Jurnalis : Ivana, Fotografer : Ivana
 
 

fotoKondisi pengungsian di Lapangan Tembak, Salaman, Magelang.

Gerimis mulai turun ketika relawan Tzu Chi tiba di Lapangan Tembak Salaman, Muntilan, Magelang. Tempat itu mulanya adalah sebuah tempat latihan bagi para tentara, kini telah berubah menjadi tempat berlindungnya warga dari ancaman letusan Gunung Merapi.

Di sana kebetulan ada 7 bangunan kecil barak bagi kelompok tentara yang menginap sewaktu berlatih. Dan barak itu kini penuh dengan warga yang mengungsi. Di pagi hari, sebagian warga kembali ke rumah mereka untuk membersihkan rumah dari timbunan pasir vulkanik, dan sore harinya kembali ke pengungsian untuk beristirahat.

Kedatangan relawan Tzu Chi di posko pengungsian itu untuk menghibur para warga dan mempelajari kebutuhan warga di pengungsian tersebut. Beberapa relawan tampak langsung membaur dengan warga. Mereka mengenalkan diri dan menanyakan kondisi kehidupan selama di pengungsian, serta menguatkan warga untuk melalui kesulitan ini. Rata-rata warga yang menghuni di sini berasal dari Kecamatan Srumbung. Daerah itu selama ini dikenal sebagai area perkebunan salak pondoh, yang merupakan buah khas dari Yogyakarta. Namun hujan pasir yang menimbun daerah itu kini, mengakibatkan rumah warga dan juga pohon-pohon salak mereka rusak. Meskipun rumah rata-rata masih dapat diperbaiki, hilangnya kebun salak menyebabkan warga di daerah ini merasa masa depan mereka masih terselimuti abu yang tebal.

foto  foto

Keterangan :

  • Ibu Mertojiwo yang tetap menjamu tamunya meski berada di pengungsian. (kiri)
  • Relawan menyerahkan kupon pada warga pengungsi di Lapangan Tembak Salaman. (kanan)
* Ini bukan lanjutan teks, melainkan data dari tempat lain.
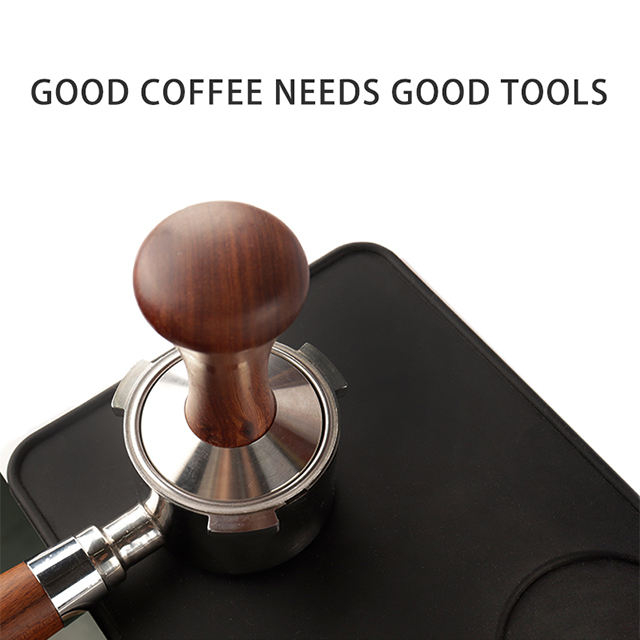 Wholesale Kitchen Accessories Black Anti-Slip Espresso Silicone coffee accessories Coffee Tamper Mat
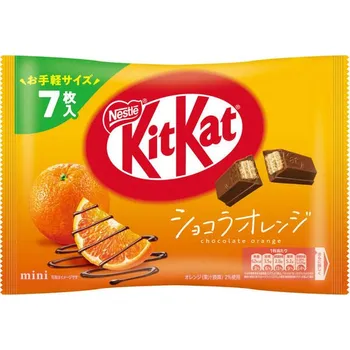 Kit Kat 7 čokoládových mini tyčinek s příchutí pomeranče 81,2 g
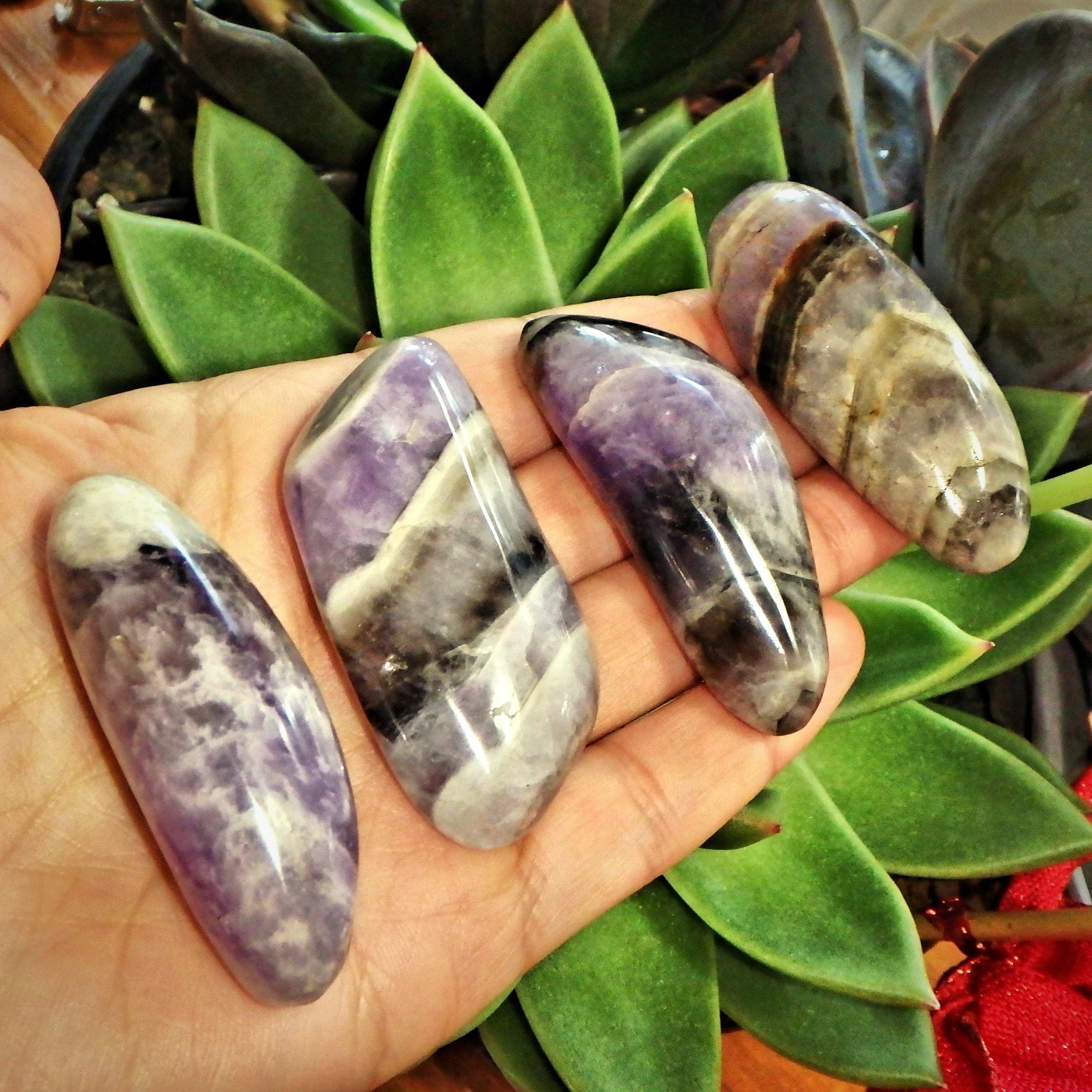 Unusual Chevron Smoky Quartz, Amethyst & Quartz Polished Point- Ideal for Healing Work (1) - Earth Family Crystals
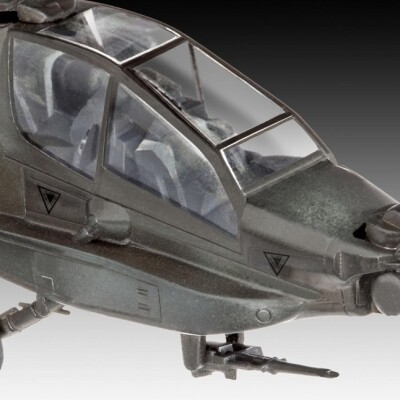 Збірна модель 1/100 Стартовий набір вертоліт Apache AH-64A Revell 64985 детальное изображение Вертолеты Авиация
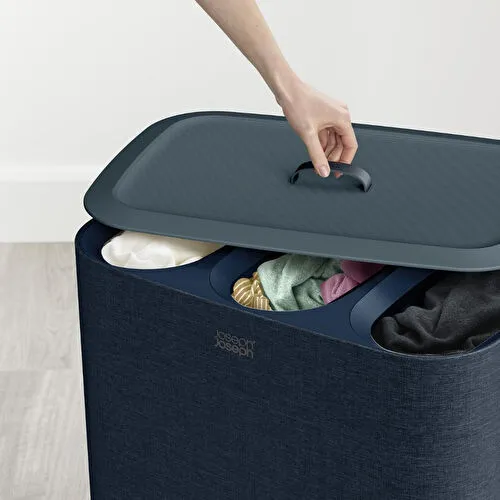 Joseph Joseph Tota 90 L Trio 3 Bölmeli Çamaşır Ayırma Sepeti Joseph Joseph Tota 90 L Trio 3 Bölmeli Çamaşır Ayırma Sepeti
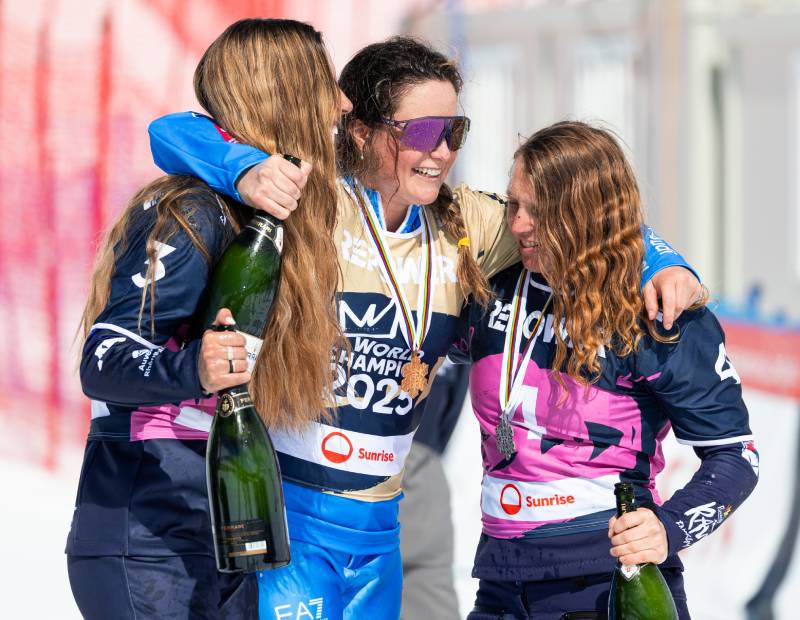Le medaglie iridate conquistate dall’Italia nella stagione 2024/25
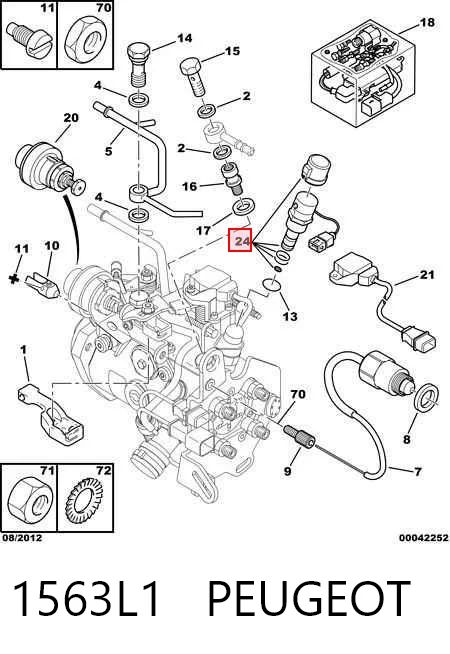 1563L1 Peugeot/Citroen Клапан ТНВД (дизель-стоп)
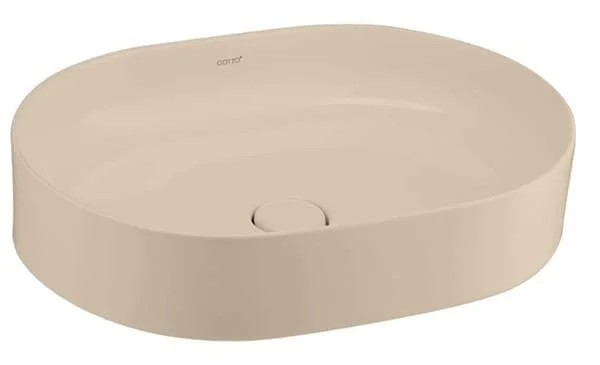 Chậu rửa mặt đặt bàn màu be mờ COTTO C00343 MIR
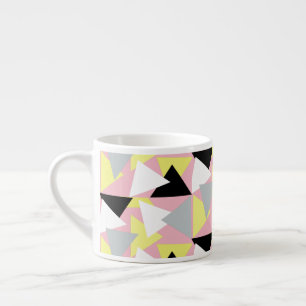 Abstract Art Triangle Pyramid Pattern Coffee Mug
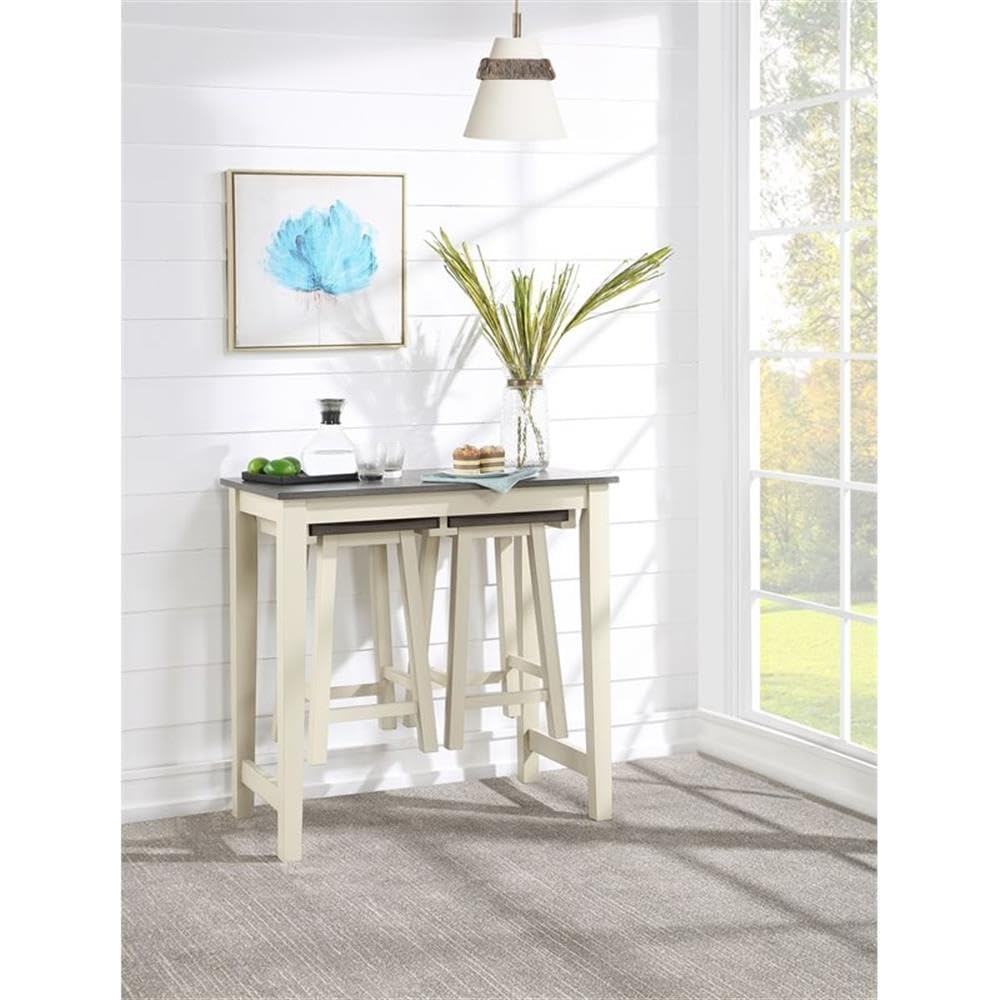 Acme Yobanna 3 Piece Counter Height Set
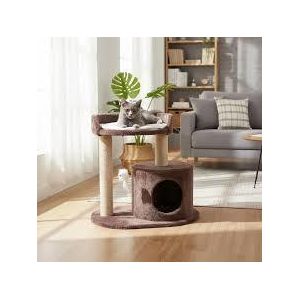 Maisons de griffoir de chat - Funny Playhouse - Corde en sisal naturel - Intérieur - Habitat - Sécurisé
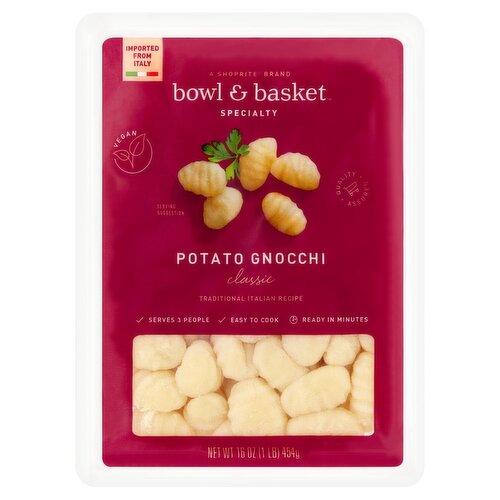 Bowl & Basket Specialty Classic Potato Gnocchi, 16 oz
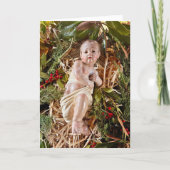 Child in Manger Christmas Card Karte (Vorderseite)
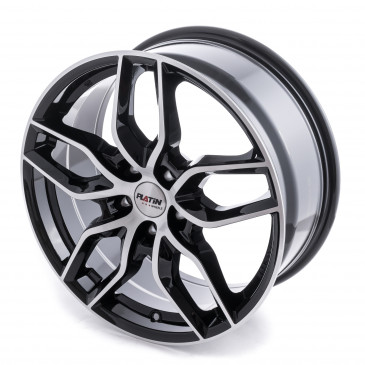 Platin Wheels P 72 diamantschwarz, Front poliert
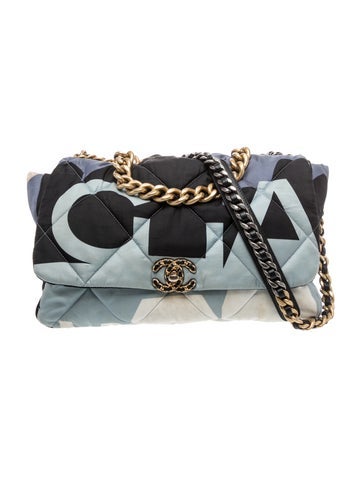 Maxi 19 Silk Flap Bag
Kesederhanaan dan Kemurahan Hati
Masa depan yang belum jelas terlihat di depan mata tak merampas kemurahan hati para warga tersebut. Mertojiwo, nenek berusia 70 tahun itu tak henti-hentinya menawarkan salak dan teh manis hangat kepada para relawan Tzu Chi yang mendatangi sudut barak yang ditempatinya. Salak itu dari kebunnya sendiri. Panen terakhir yang diambil oleh menantunya yang sempat kembali ke rumah seminggu setelah hujan pasir berlalu. Hujan pasir bercampur air itu telah membuat pohon-pohon salaknya rubuh. ”Mungkin satu tahun ke depan ekonomi di desa kami akan lumpuh,” kata menantu laki-lakinya.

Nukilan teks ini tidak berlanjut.